О жестоком обращении с арестованными свидетельствует их высокая смертность. Из 17 человек, обвиненных в принадлежности к организации Зорге, пятеро умерли в тюрьме: двое в процессе следствия (15 декабря 1942 г. Кавамура Ёсио, 2 августа 1943 г. Мияги Ётоку) и трое — после вынесения приговора (13 января 1945 г. Бранко Вукелич, 27 февраля 1945 г. Фунакоси Хисао и 22 марта 1945 г. Мидзуно Сигэру [Сигэо])[784]. Ко времени ареста все они, за исключением Мияги, были здоровы. Китабаяси Томо умерла через 2 дня после освобождения из тюрьмы 2 сентября 1945 г.

В представлениях к награде на сотрудников отдела общественной безопасности (политической полиции) начальник отдела отмечал: «Они проявили несгибаемый дух полицейского и успешно осуществили небывалый розыск важных преступников в связи с делом об антияпонской шпионской организации международной коммунистической партии». Однако, как следует из самих наградных листов, «небывалый розыск» был осуществлен по отношению далеко не ко всем членам резидентуры.

«Наблюдение и внутренняя разработка» не коснулась «ядра» резидентуры — иностранцев Зорге, Клаузена, Вукелича. Представляемые к наградам сотрудники отдела политической полиции из состава токко, участвовали только в обысках квартир (и то далеко не всех арестованных) и последующих допросах. Конечно, можно допустить, что существовали дополнительные «наградные листы», однако вероятнее всего, что основными «фигурантами» дела занималась не токко, а кэмпэйтай — военная жандармерия. Токко же были переданы наблюдение за японской агентурой резидентуры и проведение отдельных арестов, обысков и начатого следствия по «делу Зорге».

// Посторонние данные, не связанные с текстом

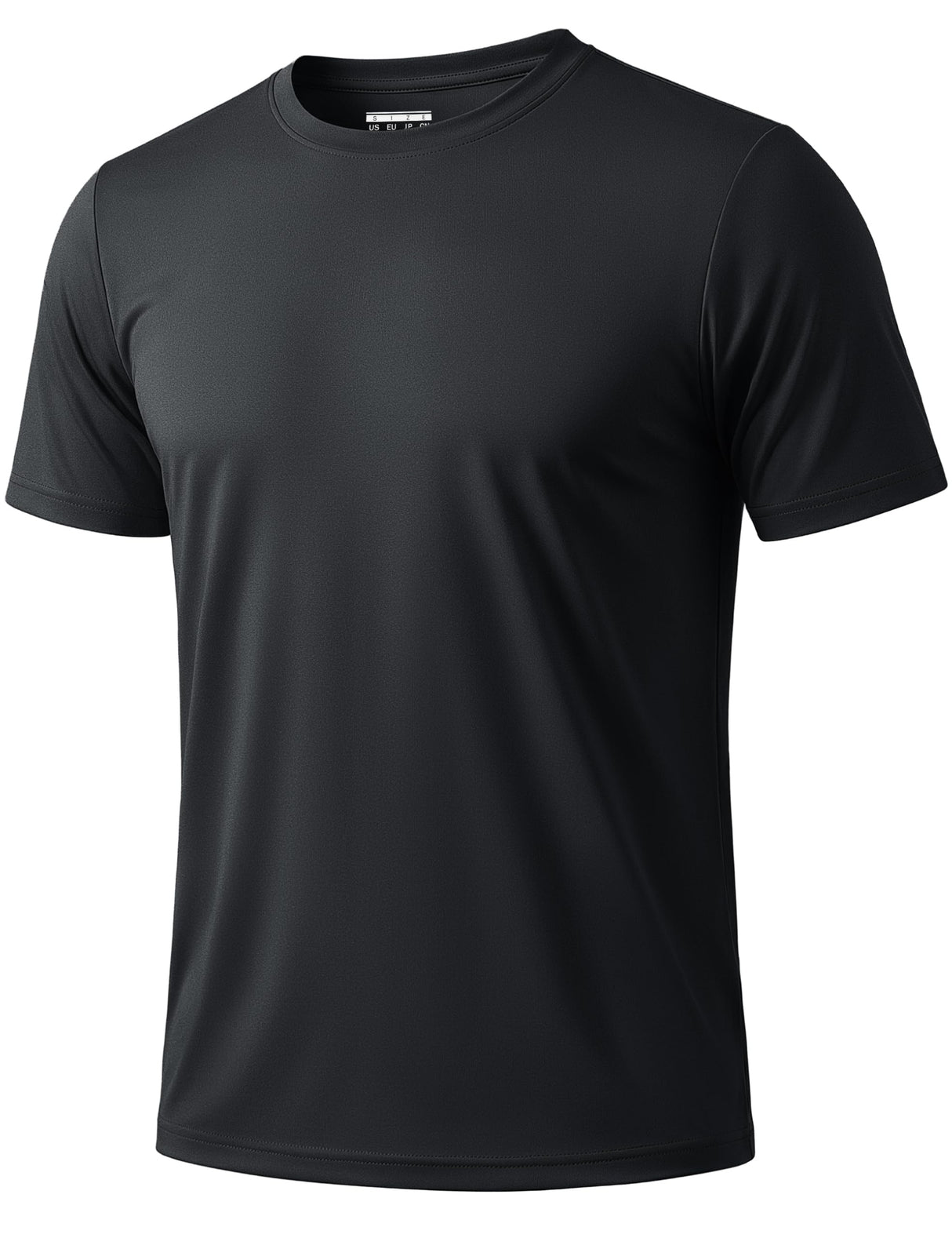 KEFITEVD Mens Athletic Sun T-Shirts Lightweight Shirts UV Protection Clothing for Men Outdoor Hiking Shirts Gym Shirts Sports Shirts Black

При вскрытии наиболее вероятных причин провала резидентуры «Рамзая» существует соблазн пойти по проторенной предыдущими исследователями дороге и признать, как это предлагал сделать М.И. Сироткин, что «поиски правильного ответа на вопрос об истинных причинах провала требуют выявления и суммирования всех тех условий, обстоятельств и причин, которые, давая в руки полиции отдельные наводящие штрихи, создали в итоге полную, если не картину, то схему деятельности и связей резидентуры, позволили контрразведке нащупать и изучить слабое звено организации, а затем — разорвав это звено, уверенно и быстро ликвидировать всю резидентуру, не ограничиваясь арестами отдельных агентов».